O Brasil é um país curioso, cheio de contradições e de belezas culturais. Estamos com altos índices de violência no país, é verdade, devido à situação econômica em que se encontra o nosso povo, principalmente neste governo, o crime da pobreza. Mas, contraditoriamente, no convívio social, o brasileiro, em todas as classes, apesar de suas dificuldades, é um povo alegre, divertido e receptivo, talvez sem par. A cultura e nossos valores dão-nos a identidade do que nos faz.

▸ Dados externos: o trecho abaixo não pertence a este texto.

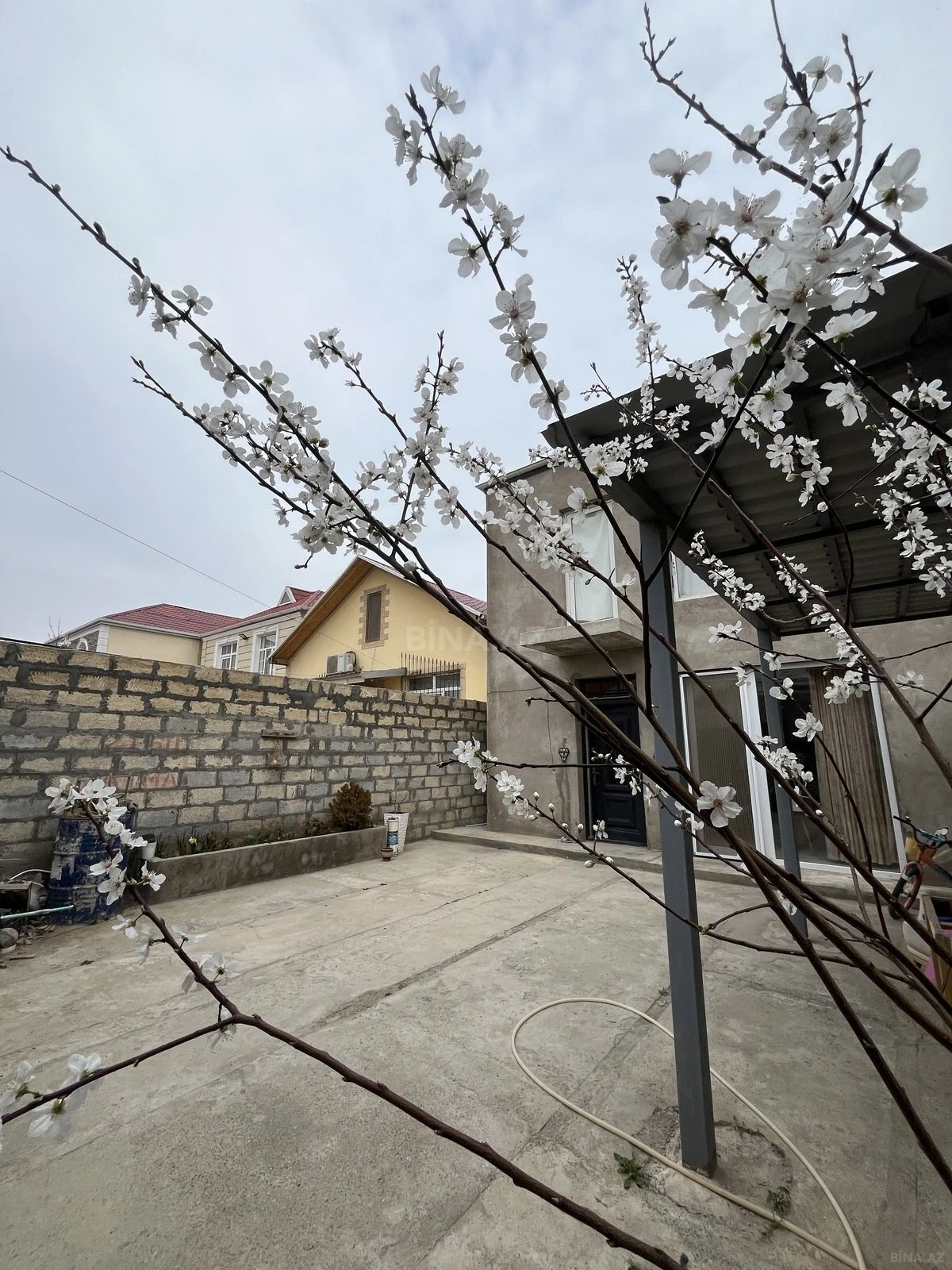 Satılır 5 otaqlı həyət evi 150 m²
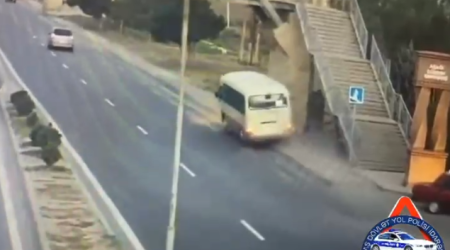 На трассе Баку &ndash; Шамахы автобус сбил пешехода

Bolsonaro cometeu muitos erros, não há dúvidas. São erros na economia, na saúde, na educação, no meio ambiente, nas relações exteriores, amargando níveis de aprovação de seu governo na casa dos 25%, e rejeição pessoal acima dos 60%. O próprio estado da economia, por si, inviabiliza sua jornada eleitoral. Mas um erro importante de ser listado é a tentativa do assassinato da cultura. O brasileiro são dois, o da economia e o da cultura. O brasileiro gosta de rir, em todas as situações. Se a economia não vai bem, sobra a cultura, nas artes, na música, nas novelas, do poeta, do escritor. Desvirtuou as instituições de cultura do país. Ofende e persegue os jornalistas. Desvirtuou o MEC. Ao atentar contra os nossos valores, Bolsonaro esticou a corda além de qualquer limite plausível. Ganhou rejeição cultural.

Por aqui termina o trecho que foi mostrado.